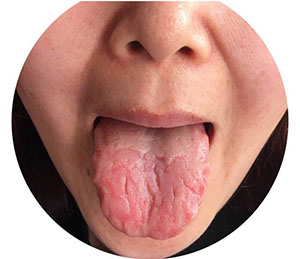 几种异常舌苔预示疾病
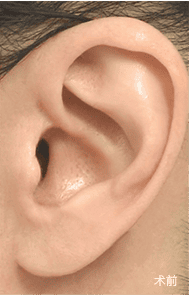 疤痕恢复过程 1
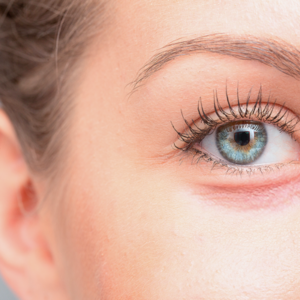 Dark Under-Eye Circles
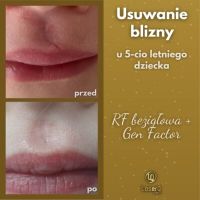 kliniki usuwaj  pieprzyki warszawa LaserQ Clinic - usuwanie znamion, blizn, depilacja laserowa Warszawa Wilanów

EXERCISE DESCRIPTION: Leave out the pictures and set down all of the data exactly.

SOLVED EXERCISE:
 几种异常舌苔预示疾病
 疤痕恢复过程 1
 Dark Under-Eye Circles
 kliniki usuwaj  pieprzyki warszawa LaserQ Clinic - usuwanie znamion, blizn, depilacja laserowa Warszawa Wilanów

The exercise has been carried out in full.